Présentons cette démonstration d'une maniere encore plus palpable.
Je suis arrivé par ma division aux deux derniers pores: il y a entre
eux un corps, ou non: s'il n'y en a point, il n'y avoit donc point de
matiere; s'il y en a, ce corps est donc sans pores. Je dis qu'il est
sans pores; puisque je suis arrivé aux derniers pores, cette particule
de matiere est donc réellement indivisible.
Au reste, que cette proposition ne vous paraisse point contradictoire
à la démonstration géométrique, qui vous prouve qu'une ligne est
divisible à l'infini.
[La divisibilité de la matiere n'empêche point qu'il n'y ait des
atomes.]
Ces deux proportions qui semblent se détruire l'une l'autre,
s'accordent très-bien ensemble. La Géométrie a pour objet les idées de
notre esprit. Une ligne géométrique est une ligne en idée, toujours
divisible en idée, comme une unité numérique est toujours réductible en
autant d'unités qu'il me plaira d'en concevoir. Je puis diviser l'unité
d'un pied, en cent milles milliasses d'autres unités; mais ensuite je
pourrai toujours considerer ce pied comme une unité[*].
[*] Mr. de Malesieu, dans la Géométrie de Mr. le Duc de Bourgogne, n'a
pas fait assez d'attention à cette vérité, p. 117. Il trouve de la
contradiction où il n'y en a point. Il demande, comme une question
insoluble, si un pied de matiere est une substance ou plusieurs?
C'est une substance certainement, quand on le considére comme un pied
cube. Ce sont dix-sept cens vingt-huit substances, quand on le divise
en pouces.
Les points sans ligne, les lignes sans surfaces, les surfaces sans
solides, l'infini 1., l'infini 2., l'infini 3., sont en effet les
objets de propositions certaines de la Géométrie; mais il est également
certain que la Nature ne peut produire des surfaces, des lignes,
des points sans solides. De même il est indubitable qu'une ligne en
Géométrie est divisible à l'infini; & il est indubitable qu'il y a dans
la Nature des corps indivisibles, c'est-à-dire, des corps indivisés,
des corps qui resteront tels, tant que la constitution présente des
choses subsistera.
Tenons donc pour certain qu'il y a des atomes. Chaque partie
constituante d'un rayon simple coloré, peut être considérée comme un
atome; chacun de ces atomes est pesant, c'est sa différente attraction
qui fait sa différente réfrangibilité. Songeons que ces atomes les plus
réfrangibles sont aussi les plus réflexibles, & qu'enfin puisqu'ils
sont réfrangibles à raison de leur attraction vers le milieu le plus
agissant, il faut bien qu'ils réflechissent aussi en raison de cette
attraction. Maintenant il est aisé de connaitre que le rayon violet,
par exemple, qui est le plus réfrangible, est toujours le premier qui
se réflechit en sortant du prisme qui a reçu tous les rayons. Mr.

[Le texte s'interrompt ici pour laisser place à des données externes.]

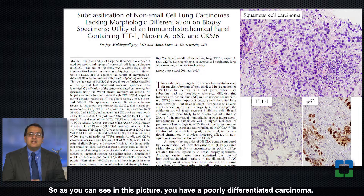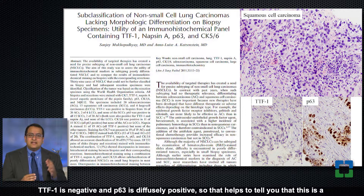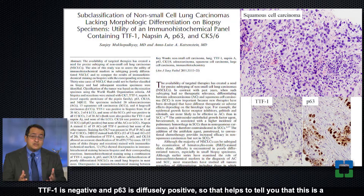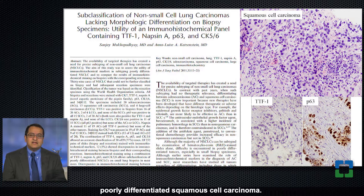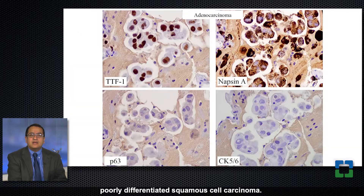As you can see in this picture, you have a poorly differentiated carcinoma. It's very difficult to tell if it's adeno or squamous on histology, but TTF1 is negative and p63 is diffusely positive, so that helps to tell you that this is a poorly differentiated squamous cell carcinoma.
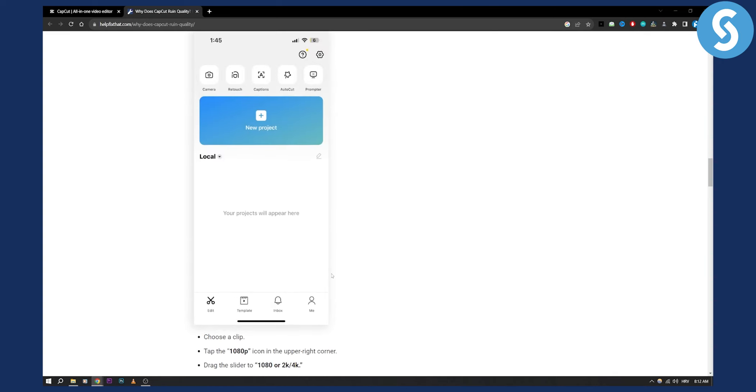So these are just two different ways how you can get 4K quality edits in CapCut. Now keep in mind that you won't be able to get high quality edits if your video is not high quality. So if your video is like 480p, you won't be able to export it in 4K. It just doesn't make sense, right.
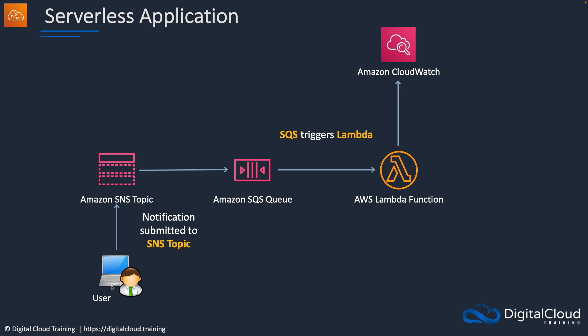Alright, so what have we done? Well, we've created an SNS topic, and we've subscribed an SQS queue to the topic. And we made sure that the queue has permissions to allow the topic to add messages to the queue. Then we updated the function code, and we added permissions to receive messages and delete them from the queue. And of course, it already has permissions to CloudWatch.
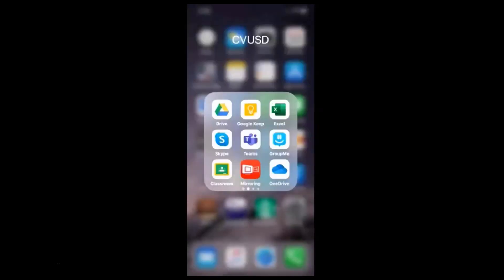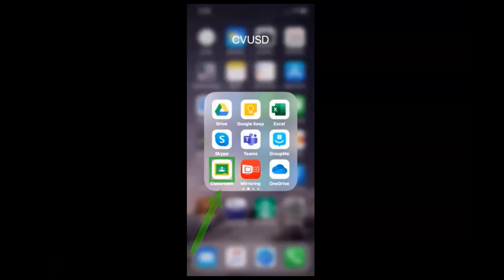Hello students. For those of you accessing Google Classroom from your phone, you can take pictures of your homework and submit it through the Google Classroom app. So let me show you real quickly.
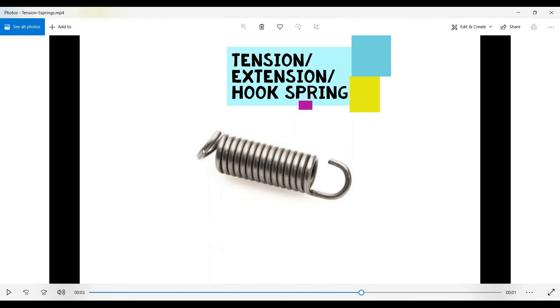Cloth washers rely on tension springs to keep the washer tub balanced. There are many farm machineries and automobiles which also use tension springs.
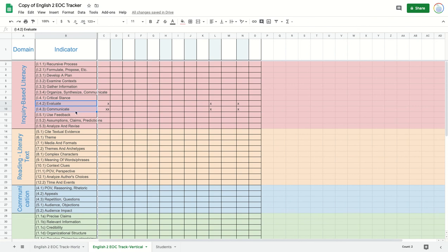When you use Google Classroom that way, you have access to students' trackers the second they hit 'Make a copy' — you automatically have access to it. Good luck!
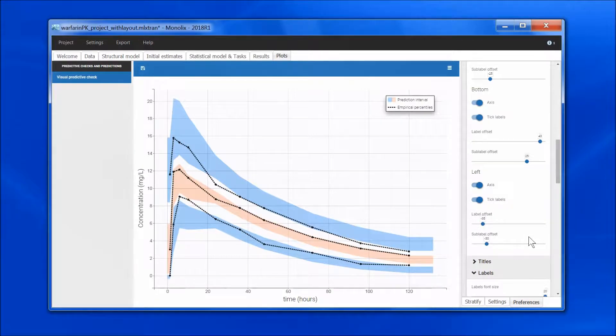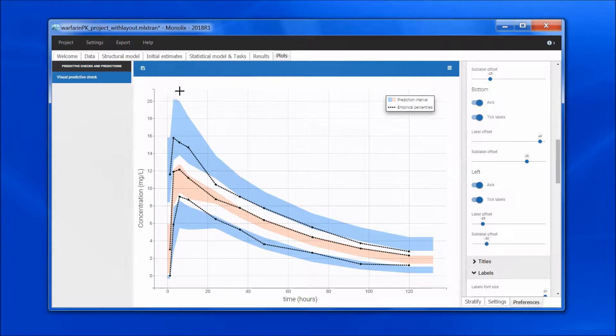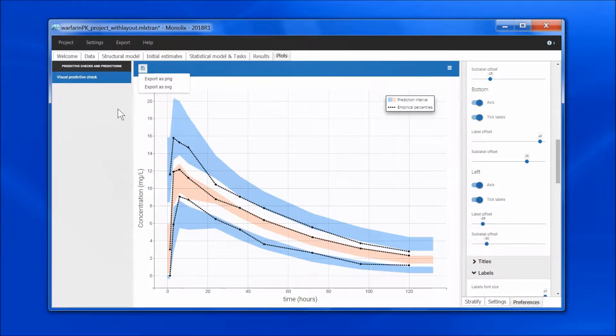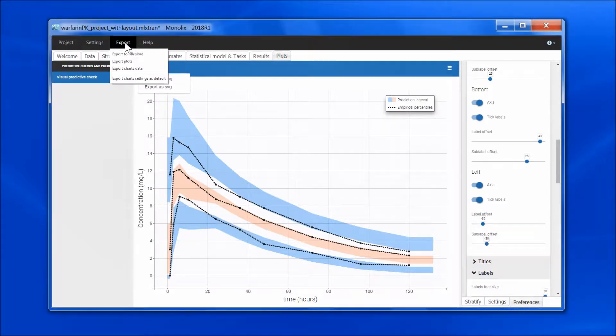When I am satisfied, I can export the figure. I can click here and export as PNG or SVG file. If I want to export all figures at once, I can go to export, export plots.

Neuton a fait cette expérience à l'aide de quatre prismes avec une
sagacité & une industrie dignes de l'inventeur de tant de vérités.
Je donnerai ici la plus simple de ces expériences.
[Illustration]
[Expérience importante.]
Ce prisme a envoyé sur ce papier ces sept couleurs: tournez ce prisme
sur lui-même dans le sens A, B, C. vous aurez bien-tôt cet angle selon
lequel toute lumiere se réflechira de dedans ce prisme au dehors, au
lieu de passer sur ce papier; si-tôt que vous commencez à approcher de
cet angle, voilà tout d'un coup le rayon violet qui se détache de ce
papier, & que vous voyez se porter au Plat-fond de la chambre. Après le
violet, vient le pourpre; après le pourpre, le bleu; enfin le rouge
quitte le dernier ce papier où il est peint, pour venir à son tour
se réflechir sur le Plat-fond. Donc tout rayon est plus réflexible
à mesure qu'il est plus réfrangible; donc la même cause opére la
réflexion & la réfrangibilité.
Or la partie solide du verre ne fait ni cette réfrangibilité, ni cette
réflexion; donc encore une fois ces proprietés ont leur naissance dans
une autre cause que dans l'impulsion connue sur la Terre. Il n'y a rien
à dire contre ces expériences, il faut s'y soumettre, quelque rebelle
que l'on soit à l'évidence.
[Objection.]
On pourroit tirer des expériences même de Neuton de quoi faire quelques
difficultés contre les loix qu'il établit. On pourroit lui dire, par
exemple: Vous nous avez prouvé que l'impulsion d'aucun corps connu ne
peut opérer le brisement de la lumiere, ni sa réflexion, puisqu'elle
se brise dans des pores & se réflechit dans du vuide: Vous nous avez
dit qu'il y a un pouvoir dans la Nature qui fait tendre tous les corps
les uns vers les autres, & en attendant que vous nous montriez, comme
vous nous l'avez promis, les loix de ce pouvoir, nous concevons qu'en
effet sa puissance doit agir sur toute la matiere, & que le plus petit
des corps imaginables doit être soumis à cette puissance de même que le
plus grand de tous les corps possibles: Vous nous avez dit qu'une des
loix de ce pouvoir est d'agir sur tous les corps, selon leurs masses,
& nous avouons que cela est bien vraisemblable; mais par vos propres
expériences ne démentez-vous pas ce Systême? L'eau a beaucoup plus de
masse que l'esprit de vin, que l'esprit de térébenthine: cependant
elle attire moins un rayon de lumiere, la réfraction se fait moindre
dans l'eau que dans l'esprit de vin; donc ce pouvoir de gravitation,
d'attraction, n'agit pas comme vous le dites, selon la masse.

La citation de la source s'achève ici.